(What to produce) Begin at the line below that holds "The second configuration" and end at the line that holds "So we are giving", transcribing each line exactly and skipping any picture.

(Records shown)
==================================================
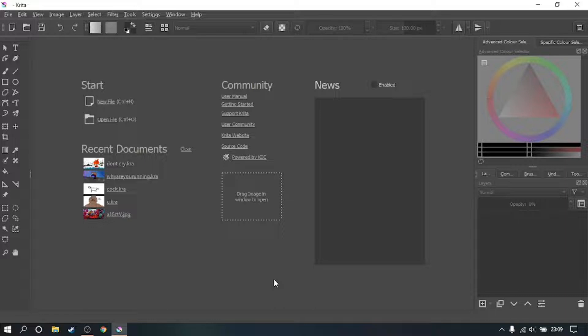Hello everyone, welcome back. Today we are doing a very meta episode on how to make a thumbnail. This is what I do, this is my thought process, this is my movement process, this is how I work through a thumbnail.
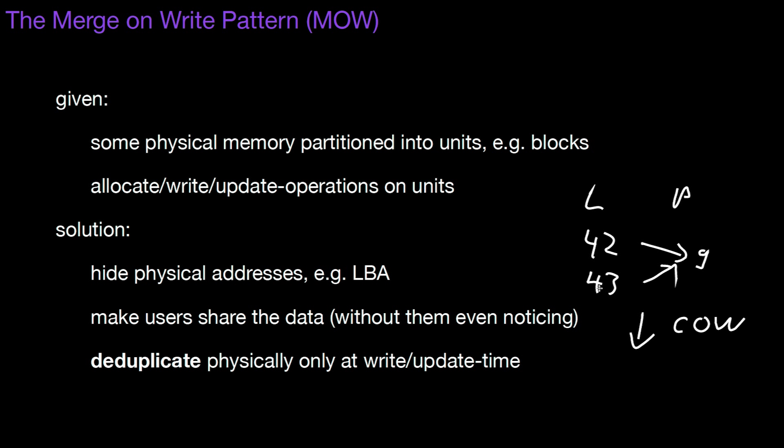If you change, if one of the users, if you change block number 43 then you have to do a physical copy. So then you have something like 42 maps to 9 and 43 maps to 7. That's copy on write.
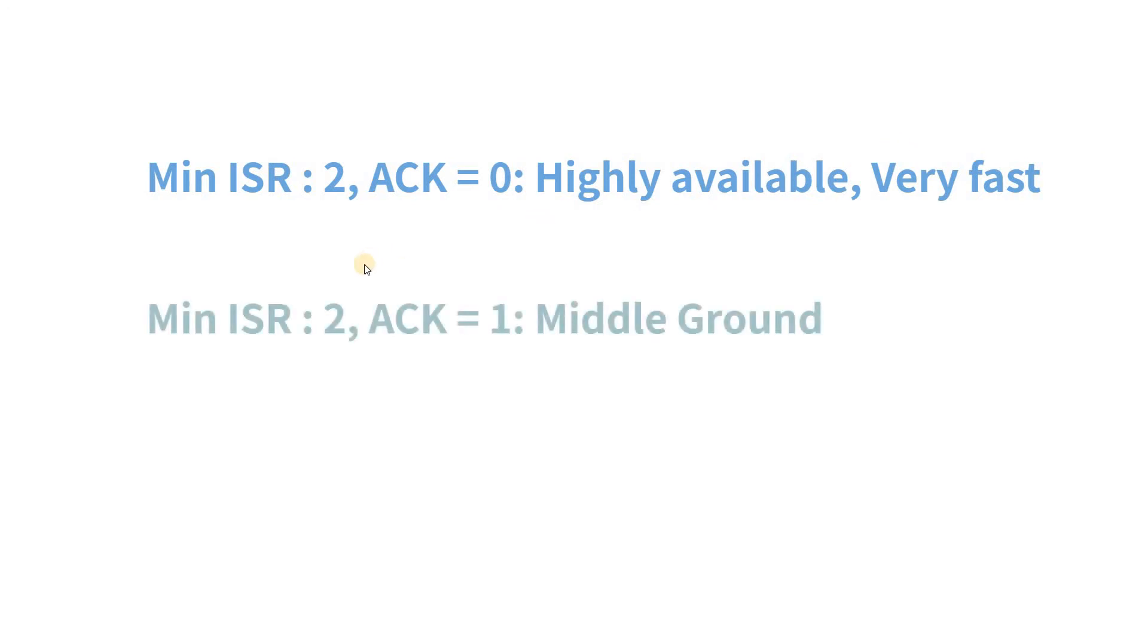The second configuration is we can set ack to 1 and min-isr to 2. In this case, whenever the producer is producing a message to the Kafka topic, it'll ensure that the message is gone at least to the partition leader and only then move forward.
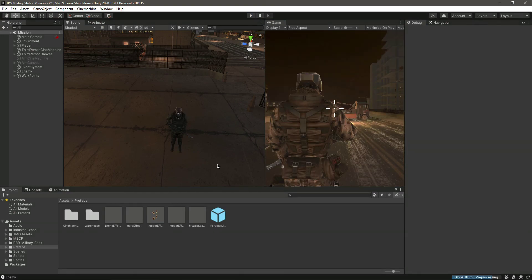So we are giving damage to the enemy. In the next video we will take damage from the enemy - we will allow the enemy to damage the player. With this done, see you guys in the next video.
==================================================
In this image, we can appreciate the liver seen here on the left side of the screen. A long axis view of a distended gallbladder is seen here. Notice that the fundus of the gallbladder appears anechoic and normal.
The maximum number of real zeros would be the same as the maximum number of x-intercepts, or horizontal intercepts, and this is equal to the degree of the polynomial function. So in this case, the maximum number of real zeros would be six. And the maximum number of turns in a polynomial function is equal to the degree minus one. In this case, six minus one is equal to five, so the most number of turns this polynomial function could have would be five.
==================================================
(Task response)
The second configuration is we can set ack to 1 and min-isr to 2. In this case, whenever the producer is producing a message to the Kafka topic, it'll ensure that the message is gone at least to the partition leader and only then move forward.
So we are giving damage to the enemy. In the next video we will take damage from the enemy - we will allow the enemy to damage the player. With this done, see you guys in the next video.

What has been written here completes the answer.